→ WHAT IS REQUIRED
Note each line in the data below that holds "Gift", and copy it.

→ DATASET RECORDS

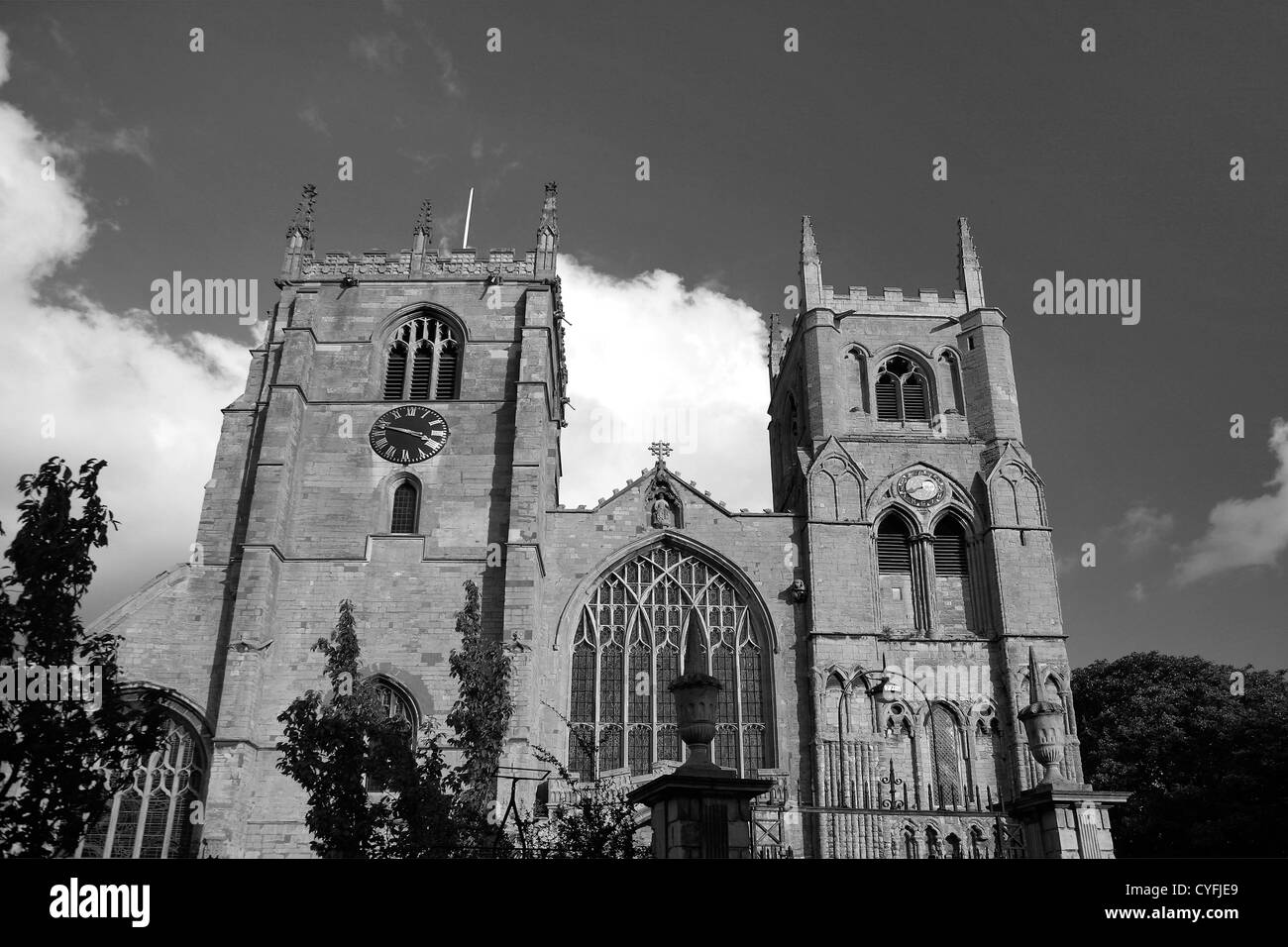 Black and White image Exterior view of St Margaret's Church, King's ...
...
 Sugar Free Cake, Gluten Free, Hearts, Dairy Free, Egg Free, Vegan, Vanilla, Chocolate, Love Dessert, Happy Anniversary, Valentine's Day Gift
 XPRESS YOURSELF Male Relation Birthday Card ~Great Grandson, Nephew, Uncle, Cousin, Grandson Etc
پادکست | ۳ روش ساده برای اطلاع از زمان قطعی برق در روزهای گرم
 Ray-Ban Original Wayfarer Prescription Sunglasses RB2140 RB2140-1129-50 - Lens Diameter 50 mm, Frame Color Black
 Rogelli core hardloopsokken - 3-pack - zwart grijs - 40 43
* * *
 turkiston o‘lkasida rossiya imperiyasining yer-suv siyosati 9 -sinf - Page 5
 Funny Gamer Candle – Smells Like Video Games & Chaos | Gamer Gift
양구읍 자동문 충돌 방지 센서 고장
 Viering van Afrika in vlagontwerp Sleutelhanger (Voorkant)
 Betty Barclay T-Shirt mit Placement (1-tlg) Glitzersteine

→ ANSWER AREA
 Sugar Free Cake, Gluten Free, Hearts, Dairy Free, Egg Free, Vegan, Vanilla, Chocolate, Love Dessert, Happy Anniversary, Valentine's Day Gift
 Funny Gamer Candle – Smells Like Video Games & Chaos | Gamer Gift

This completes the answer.